Photo by Justin Sullivan/Getty Images

Half an hour into Wednesday’s Republican presidential debate, Sen. Ted Cruz exploded at the CNBC moderators. “The questions that have been asked so far in this debate illustrate why the American people don’t trust the media,” Cruz fumed. “You look at the questions: ‘Donald Trump, are you a comic-book villain?’ ‘Ben Carson, can you do math?’ ‘John Kasich, will you insult two people over here?’ ‘Marco Rubio, why don’t you resign?’ ‘Jeb Bush, why have your numbers fallen?’ How about talking about the substantive issues the people care about?”

By the end of the evening, Cruz, Carson, Trump, Rubio, and several other candidates had declared war on the press.
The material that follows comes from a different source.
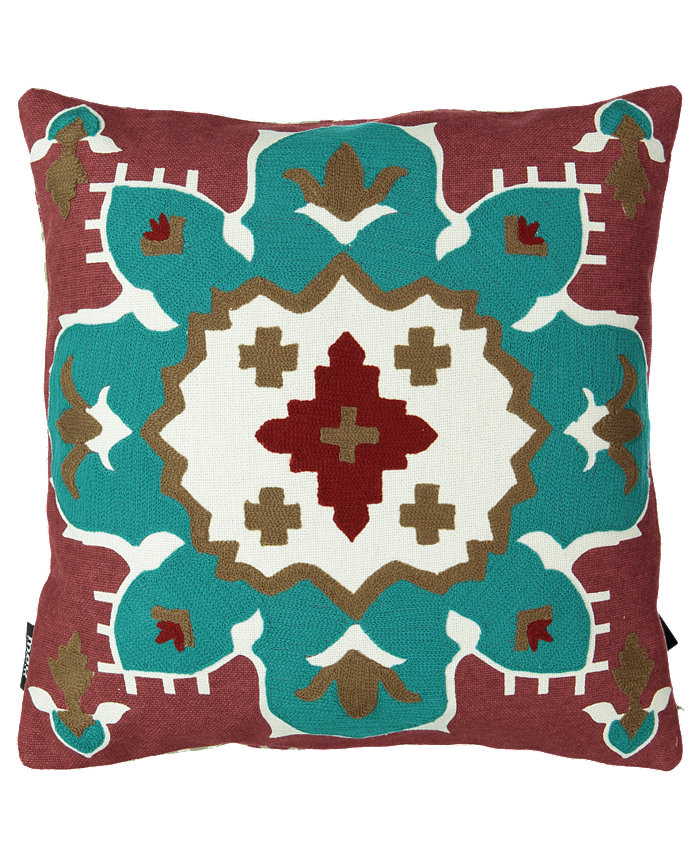 Mod Lifestyles Southwest Collection Kilim Embroidery Pillow， 20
They claimed to speak for the Republican Party, the American people, and the truth. These candidates are deluded. Many of their statements were falsified on the spot. Others were exposed as absurd by their opponents. It’s true that the debate exposed a division within the country. But the division isn’t between the press and the public. It’s between people who listen to evidence—reporters, policy analysts, and many Democrats and Republicans—and an impervious, defiant wing of the GOP.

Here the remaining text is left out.